The robots.txt file is placed at the root of your website and is the first thing search engine bots check before exploring your pages. A misconfigured robots.txt can block the indexing of important pages or, conversely, allow bots to access resources you want to keep private.
How to use the robots.txt generator?
The tool starts with a default rule for the User-Agent “*” (all bots). You can add Allow or Disallow directives for each User-Agent by clicking “+ Directive”. To target a specific bot like Googlebot or Bingbot, click “+ Add User-Agent” and enter its name. Enter your sitemap URL in the provided field and the preview updates in real-time on the right. Copy the result with one click and paste it into your robots.txt file.
What is the robots.txt file?
The robots.txt file is a text file that follows the Robots Exclusion Protocol. It tells search engine bots which parts of your site they can or cannot crawl. Each set of rules begins with a User-agent directive that identifies the bot in question, followed by Allow and Disallow directives that specify which paths are accessible or blocked.
The Sitemap directive at the end of the file tells search engines where to find your XML sitemap, which facilitates the discovery and indexing of all your pages.
Best practices for robots.txt
Here are some essential recommendations for an effective robots.txt. Never block your CSS and JavaScript files because Google needs them to properly render your pages. Use robots.txt to block low-value SEO pages such as internal search results pages, sorting pages, or irrelevant tag archives. Always specify your XML sitemap URL to facilitate crawling.
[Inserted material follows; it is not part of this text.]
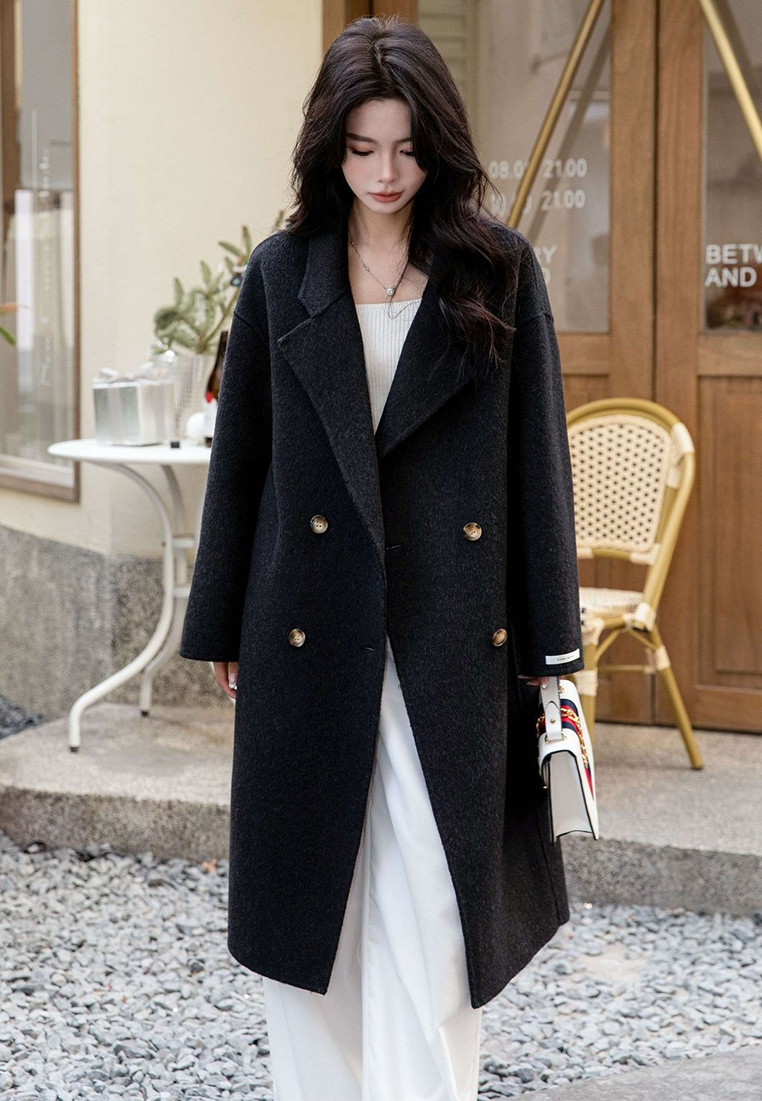 New Autumn/Winter Double-Breasted Minimalist Wool Coat CA25102434W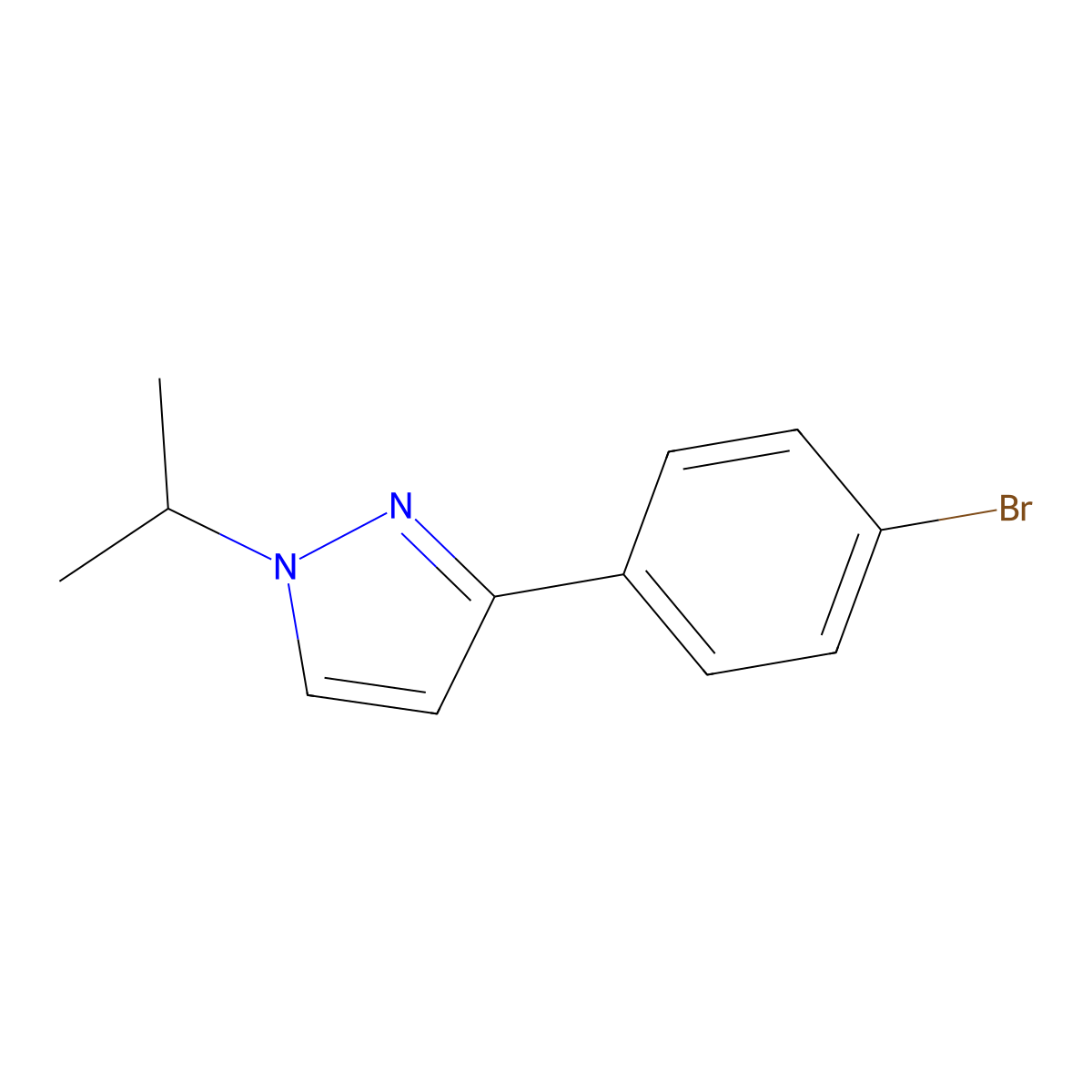 3-(4-Bromophenyl)-1-isopropylpyrazole molecular structure, CAS 1400645-25-1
Do not use robots.txt to hide sensitive pages because it is public and readable by everyone. To protect confidential content, use authentication or the meta noindex tag instead.
Common directive examples
For a WordPress site, it is common to block access to the wp-admin folder while allowing wp-admin/admin-ajax.php which is necessary for the site to function. Search pages are also typically blocked with Disallow: /?s= and duplicate tag pages. For an e-commerce site, you can block filter and sorting pages that create duplicate content.
FAQ
Does robots.txt prevent my pages from being indexed?
Robots.txt prevents crawling but not necessarily indexing. If other sites link to a blocked page, Google can still index it without visiting it. To prevent indexing, use the meta noindex tag.
What does User-agent: * mean?
The asterisk means “all bots”. The rules under this User-agent apply to all search engines except those that have specific rules defined earlier in the file.
Can I block only Google without affecting Bing?
Yes, create a specific group with User-agent: Googlebot and add your Disallow directives. Other engines will follow the rules of User-agent: * which do not contain these restrictions.
How do I test my robots.txt?
Use the robots.txt testing tool in Google Search Console. It allows you to verify whether a specific URL is blocked or allowed by your rules.
How often do bots check robots.txt?
Googlebot caches robots.txt and checks it approximately once per day. Changes are therefore not applied instantly.